Other post-house execs see a future made up of work on lower-budget pics that still require post work. At least that’s the hope.

But there are already signs that less activity is expected in the lower-budget, independent film sector in spring 2002 than is normally on the production schedule during that season.

The effects of an actors strike could be harder felt in the area of sound editing than picture editing. Where the f/x biz can at least create shots without the need of a pic’s actors, sound editors are thespian-dependent.

And the long-term fallout from measures taken to soften the effect of a strike also is changing the dynamics of the biz.

With producers scrambling to meet SAG’s June 30 strike deadline, sound facilities aren’t experiencing their typical summer slowdown. Instead, they’re expected to feel the chill of spring and summer, along with their f/x counterparts.

For example, Skywalker Sound is booked solid through the holiday season, working on 12 films. But afterwards things are expected to quiet down tremendously.

“We’re feeling the pressure right now,” says Glenn Kiser, Skywalker general manager of Skywalker Sound. “Traditionally, this is our big period of time, but we’re 30% busier than normally.”

One headache is devoting time and resources to perfecting dailies, much of which will never make it off the cutting-room floor.

“Normally you want to wait as long as possible so you only work with the footage you’re going to use,” Kiser says. “Now, producers are overcovering themselves. We’re doing things that we never do.”
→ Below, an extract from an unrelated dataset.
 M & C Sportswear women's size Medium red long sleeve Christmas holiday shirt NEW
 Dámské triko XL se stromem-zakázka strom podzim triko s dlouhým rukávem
Those less likely to be affected are companies such as Laser Pacific and Liberty Livewire, which derive much of their revenues from the production of television shows. The safety net comes from the 2001-2002 TV season proceeding as planned in September, and TV production picking up again in July. But the future isn’t necessarily filled with storm clouds.
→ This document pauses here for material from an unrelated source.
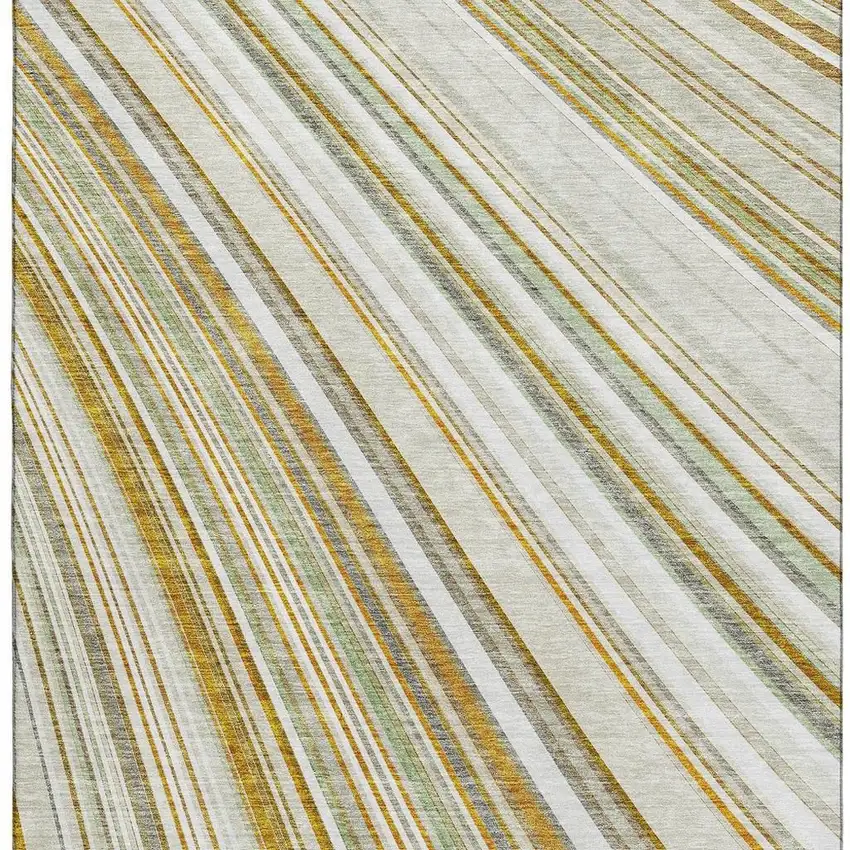 Linen Gold And Sage Striped Washable Area Rug With UV Protection Photo 4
With all the prior rumblings about the potential strikes, post houses have kept themselves busy gearing up for the worst, cutting back on buying expensive equipment, hiring additional staff and deferring payments. Others have been building side businesses — launching DVD production arms, high-definition editing facilities and even their own film production arms, to make sure enough work exists to stay afloat.
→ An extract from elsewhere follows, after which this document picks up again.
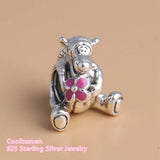 925 Sterling Silver Tigger Pink Enamel Charm Beads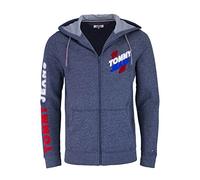 TOMMY JEANS Langarm Sweatjacke Kapuze meliert Schrift-Print dunkelblau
“There was enough warning that something might happen,” says one high-level exec at a Hollywood-based post house. “It allowed us to look at cost issues to conserve resources and plan our lives and purchases around this impending event. We had enough of an opportunity to address this issue.”

Industryites are also left to study the effects of a strike that did happen.

Production houses are still reeling from the commercial actors strike last year. But even eight months after it ended, the ramifications are still being felt. While projects are again flooding facilities, major advertisers realized that they can lengthen the run of spots, requiring fewer production dollars during a souring economy.

And things could be worse. “The SAG strike could still happen and last a long time,” Blau says. “It was more stressful when the Writers Guild hadn’t come to an agreement with the producers, because if there had been a double strike, things could have been disastrous.”